Die Rolle der Kirchen im NS-Regime sowie christlich motivierter Widerstand


Facharbeit (Schule), 2011

20 Seiten, Note: 1,2


Leseprobe


Inhaltsverzeichnis

1.Einleitung

2.Die Rolle der evangelischen Kirche
2.1 Offizielle Position
2.2 Die Deutschen Christen
2.3 Die Bekennende Kirche
2.4 Einzelpersönlichkeiten
2.4.1 Dietrich Bonhoeffer
2.4.2 Martin Niemöller

3.Die Rolle der katholischen Kirche
3.1 Offizielle Position
3.1.1 Das Reichskonkordat
3.2 Einzelpersönlichkeiten
3.2.1 Clemens August von Galen
3.2.2 Max Josef Metzger

4.Die Rolle der Zeugen Jehovas

5.Reaktionen der Kirchen nach dem 2. Weltkrieg
5.1 Die Reaktion der evangelischen Kirche
5.2 Die Reaktion der katholischen Kirche

6.Schlusswort

7.Erklärung

8.Literatur- und Quellenverzeichnis

In Hitlers Konzentrationslagern wurden zwischen 1933 und 1945 etwa 6 Millionen Juden ermordet. Der von Hitler provozierte 2. Weltkrieg forderte das Leben von mindestens 50 Millionen Soldaten.
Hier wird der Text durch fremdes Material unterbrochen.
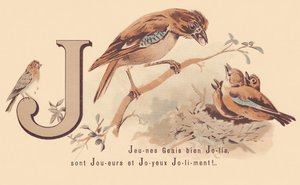 J: Young Jays Pretty ovat pelaajia ja onnellinen Jolily! tekijältä French School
Das bedeutet nach vorsichtigen Schätzungen eine Opferzahl von 56 Millionen Menschen.

Gerade einmal 2% der deutschen Bevölkerung leisteten während Hitlers Terrorregime aktiven Widerstand.

Einleitung

„Sie haben erklärt: Die Sorge für das deutsche Volk überlassen Sie mir. Dazu muss ich erklären, dass weder Sie noch sonst eine Macht in der Welt in der Lage sind, uns als Christen und Kirche die uns von Gott auferlegte Verantwortung für unser Volk abzunehmen.“ [1]

Martin Niemöller gegenüber Adolf Hitler am 25. Januar 1934

Die Rolle der Kirchen im Nationalsozialismus wirft bis heute Fragen auf. Fakt ist, dass weder die evangelische noch die katholische Kirche jemals offiziell als Institution Partei gegen Hitler ergriffen. Zwar gab es gelegentliche kritische Äußerungen, doch blieben diese aus Angst um die kirchlichen Privilegien eher zurückhaltend. Aus heutiger Sicht ist es unvorstellbar, wie sich eine christliche Einstellung mit den Ansichten Hitlers vereinbaren lässt. Und doch gab es sie, die treuen Parteimitglieder, die sonntags auf der Kanzel standen und von Nächstenliebe predigten, die Theologen, die einen Treueid auf Hitler schworen und nicht zuletzt die vielen Wähler der Deutschen Christen, die das Gedankengut der NSDAP endgültig mit der Kirche verschmolzen.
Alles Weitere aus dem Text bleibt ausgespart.